Exactly as written, return the entries below, minus any pictures.

EXTRACTED ENTRIES Block Start

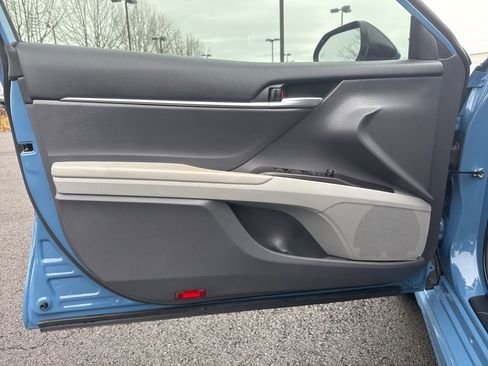 Used 2024 Toyota Camry SE image 11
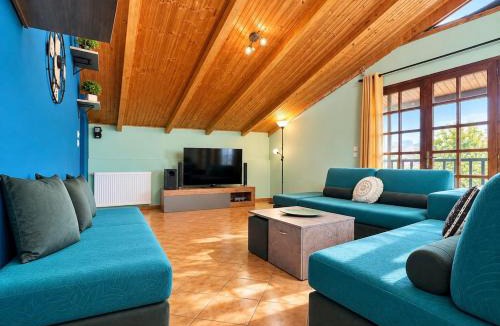 Agii Apostoli Apartment | Evoikos Blue Villa-Sea View & Garden for 5 by ΜΡS
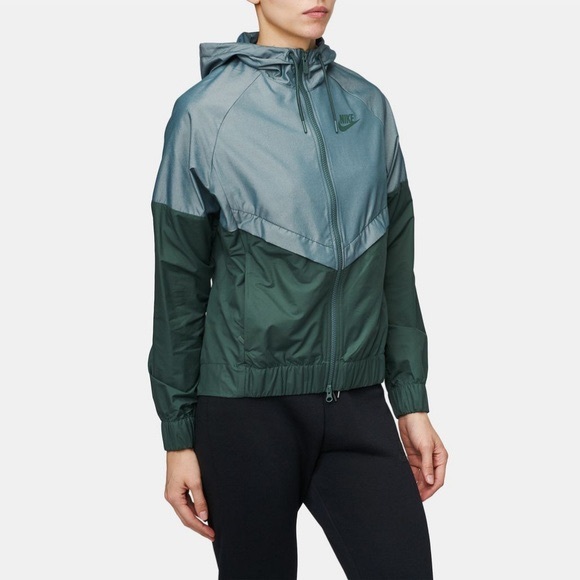 Nike Jackets & Blazers - LIKE NEW! Nike Windrunner Jacket Dark Green Size Medium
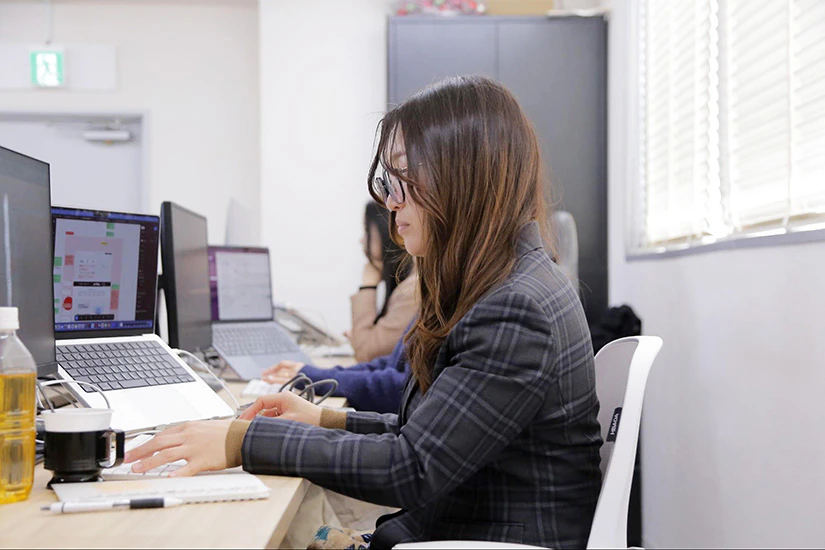 PCで仕事をする山内氏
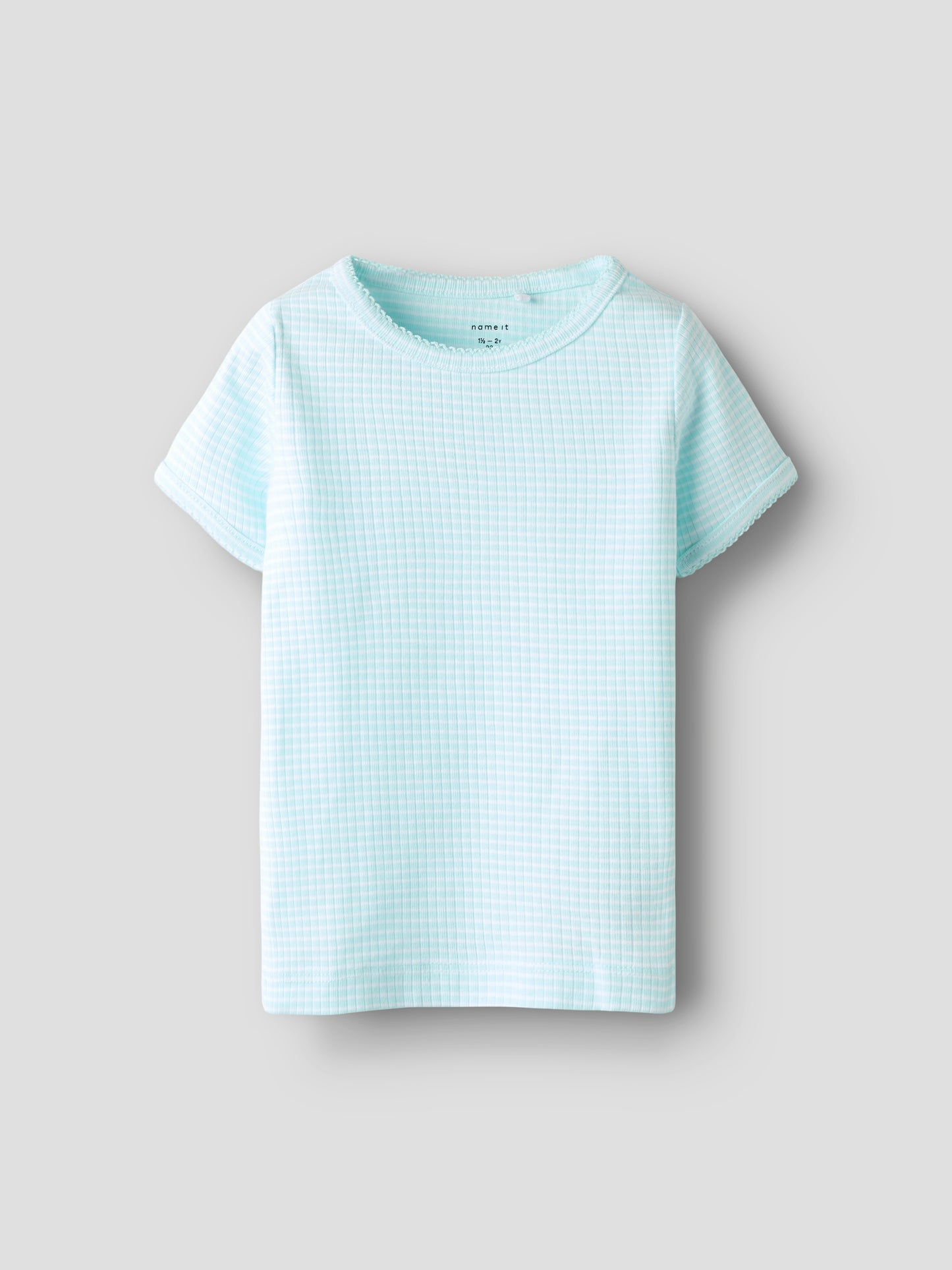 Blå randig enfärgad t-shirt till flicka. Barn topp från Name it.
NMFFIKATIE SS SLIM TOP
13238057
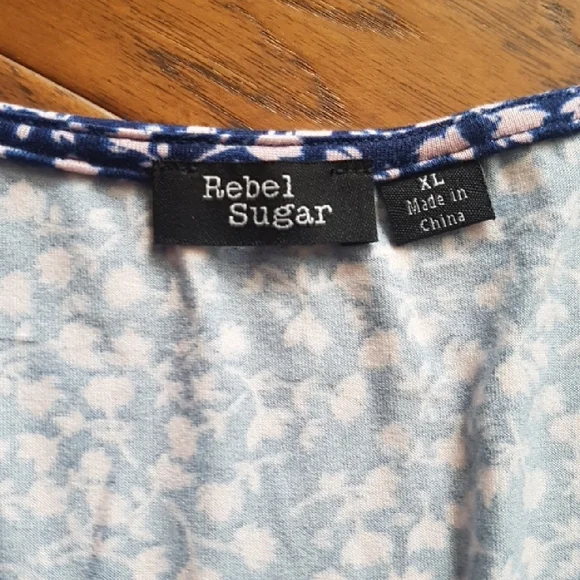 Rebel Sugar Women's Dark Blue and White Flower Faux Wrap Dress Size XL - Picture 2 of 13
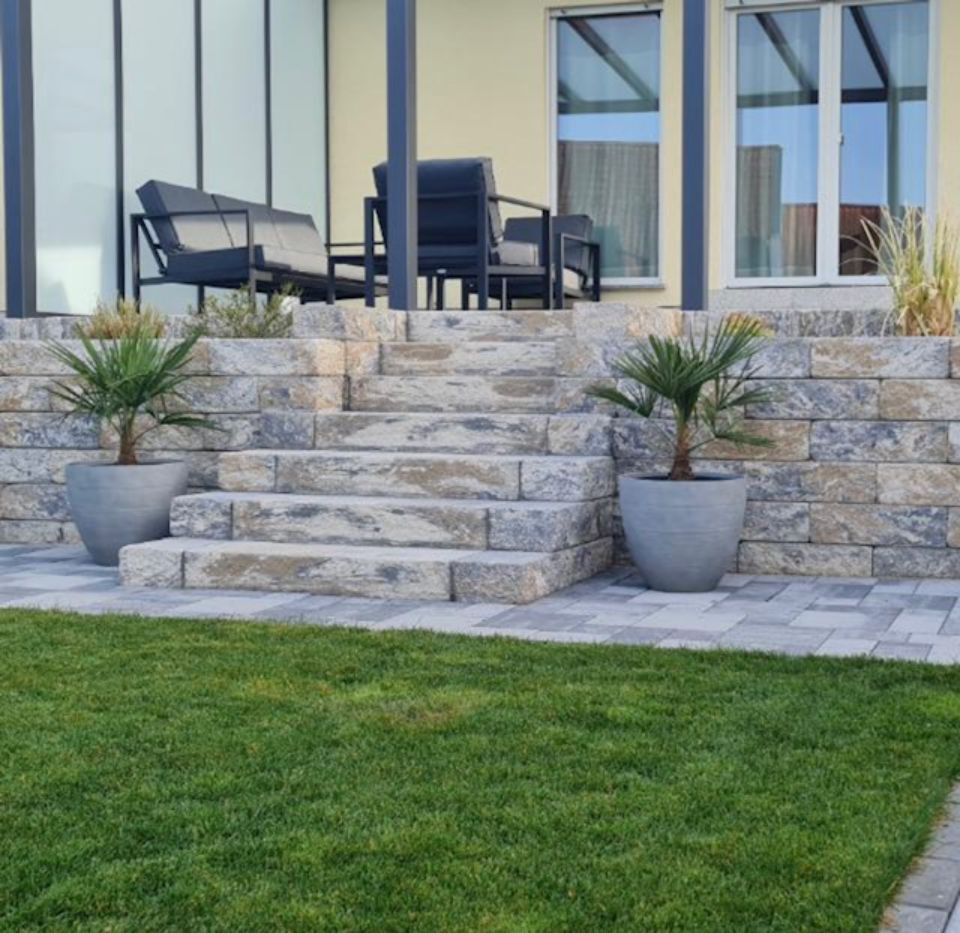 Gepflasterte Treppen, angelegt von ÖKo Gartenbau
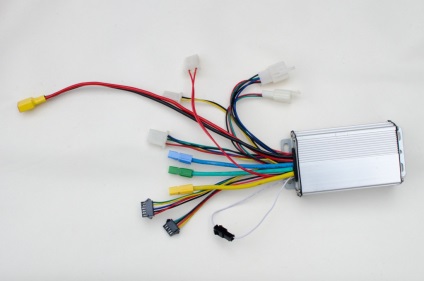 Prezentare generală Infineon controler 6 fet (Infineon 4110 Cellman) Privire de ansamblu controler 6 Infineon fet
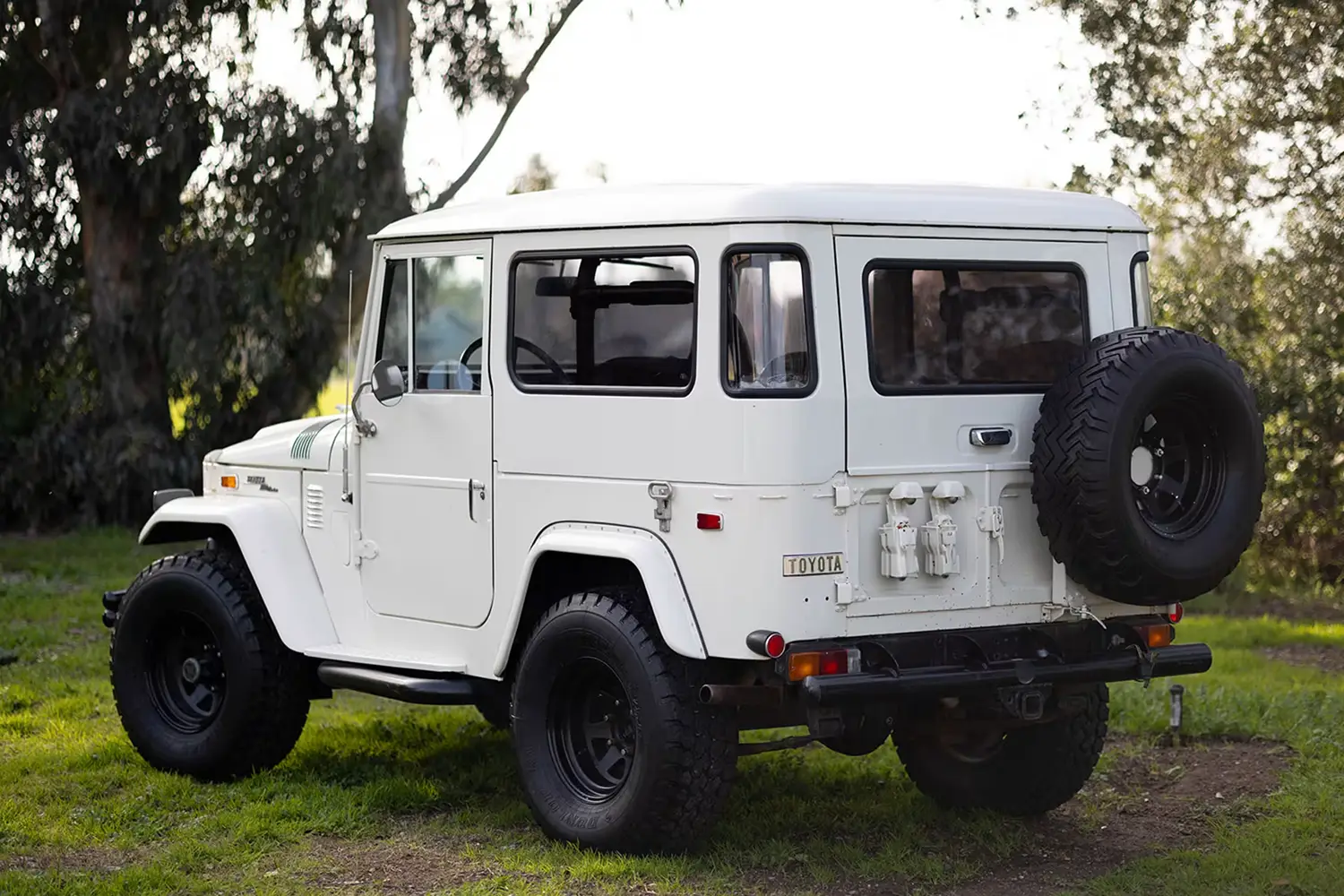 1974 Toyota FJ-40 Land Cruiser
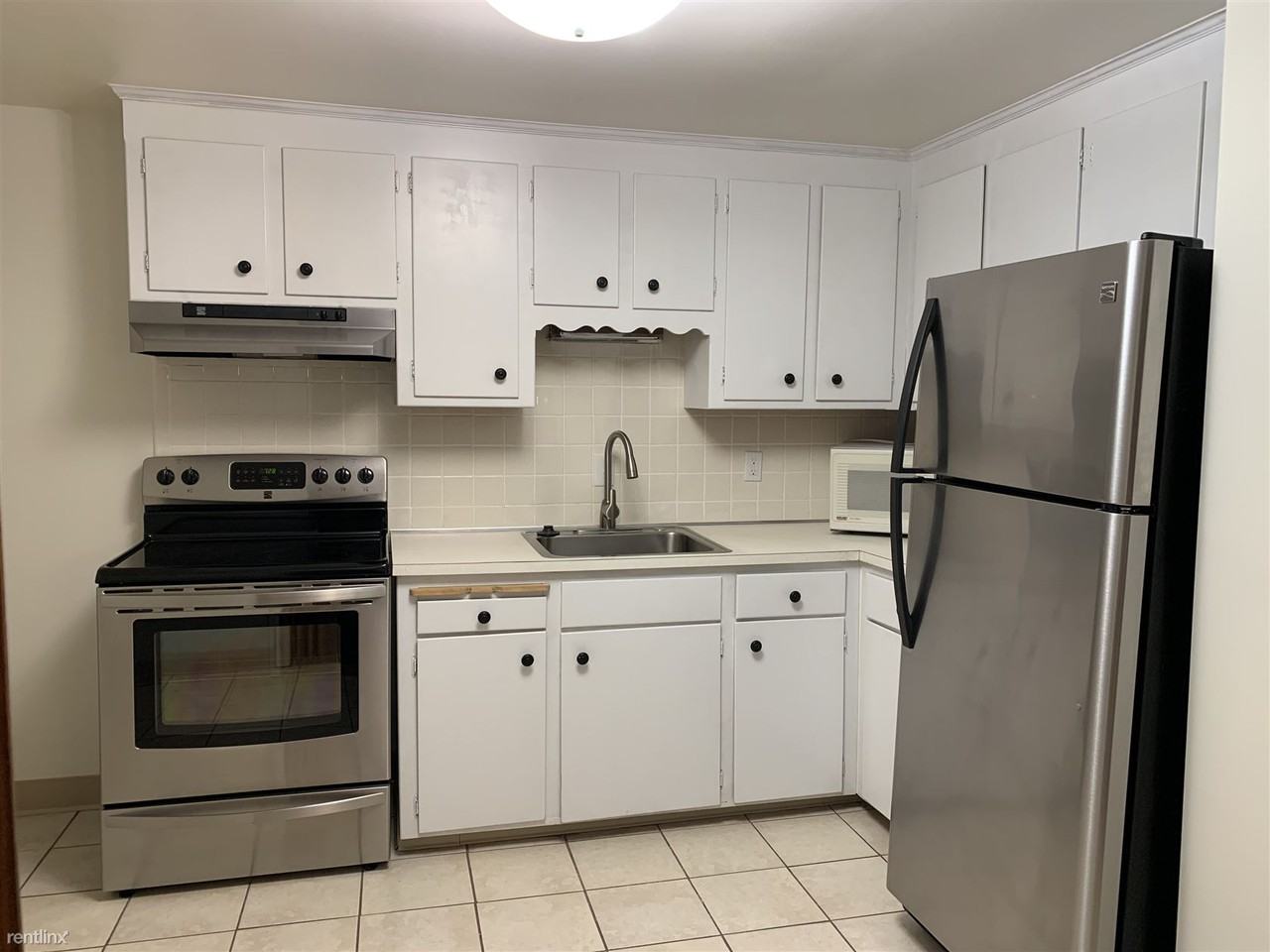 Presidential Condominiums 37 Montvale Ave, Woburn, MA 01801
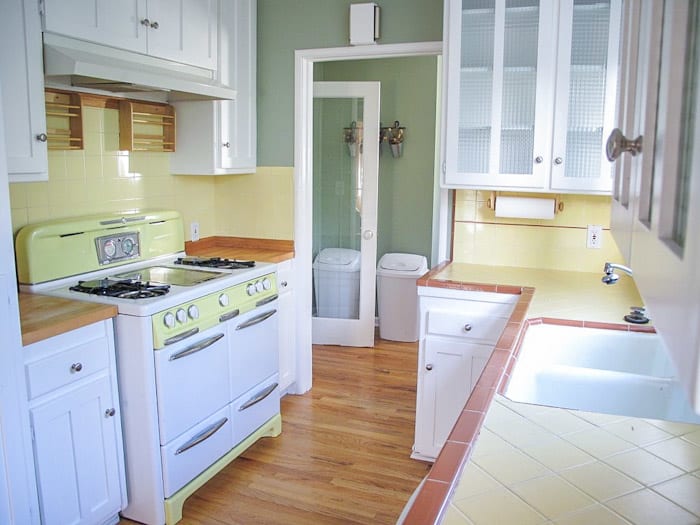 7251 Katherine Ave Van Nuys, CA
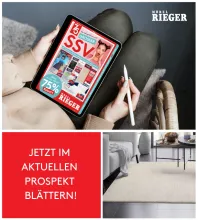 Collage mit Tablet in Händen, das einen digitalen Prospekt von Möbel Rieger zeigt, darunter rote Fläche mit Text „Jetzt im aktuellen Prospekt blättern!“ und ein Teppich im Wohnzimmer.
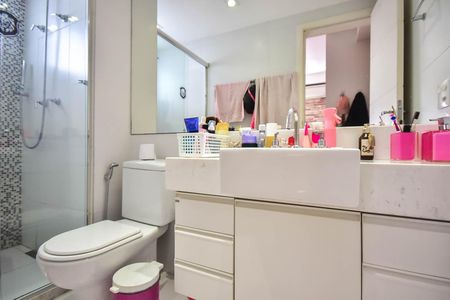 Apartamento à venda com 177m², 4 quartos e 3 vagasBanheiro Suíte 1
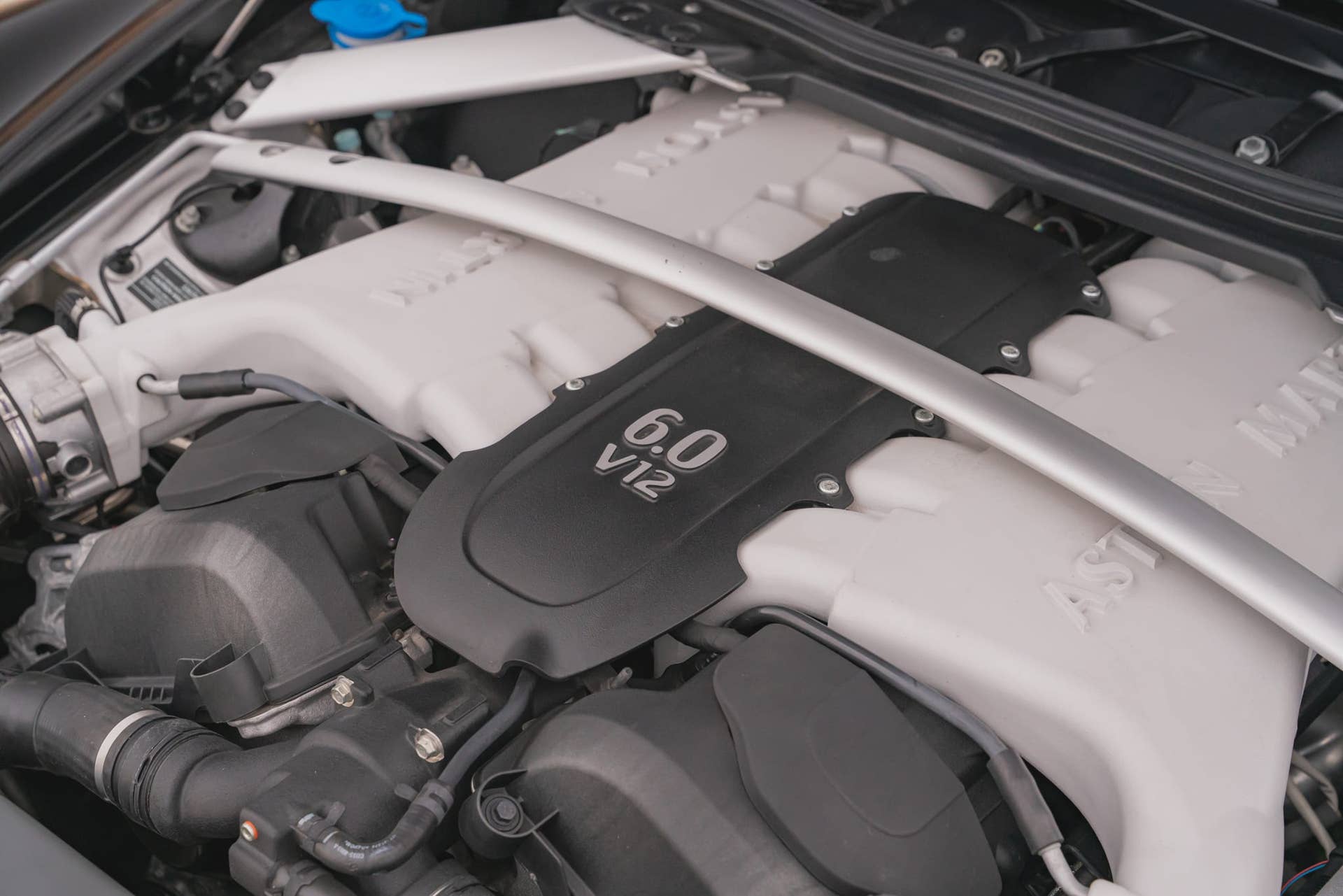 2017 Aston Martin V12 S 7-Speed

EXTRACTED ENTRIES Block End

## WRITTEN ANSWER
 Used 2024 Toyota Camry SE image 11
 Agii Apostoli Apartment | Evoikos Blue Villa-Sea View & Garden for 5 by ΜΡS
 Nike Jackets & Blazers - LIKE NEW! Nike Windrunner Jacket Dark Green Size Medium
 PCで仕事をする山内氏
 Blå randig enfärgad t-shirt till flicka. Barn topp från Name it.
NMFFIKATIE SS SLIM TOP
13238057
 Rebel Sugar Women's Dark Blue and White Flower Faux Wrap Dress Size XL - Picture 2 of 13
 Gepflasterte Treppen, angelegt von ÖKo Gartenbau
 Prezentare generală Infineon controler 6 fet (Infineon 4110 Cellman) Privire de ansamblu controler 6 Infineon fet
 1974 Toyota FJ-40 Land Cruiser
 Presidential Condominiums 37 Montvale Ave, Woburn, MA 01801
 7251 Katherine Ave Van Nuys, CA
 Collage mit Tablet in Händen, das einen digitalen Prospekt von Möbel Rieger zeigt, darunter rote Fläche mit Text „Jetzt im aktuellen Prospekt blättern!“ und ein Teppich im Wohnzimmer.
 Apartamento à venda com 177m², 4 quartos e 3 vagasBanheiro Suíte 1
 2017 Aston Martin V12 S 7-Speed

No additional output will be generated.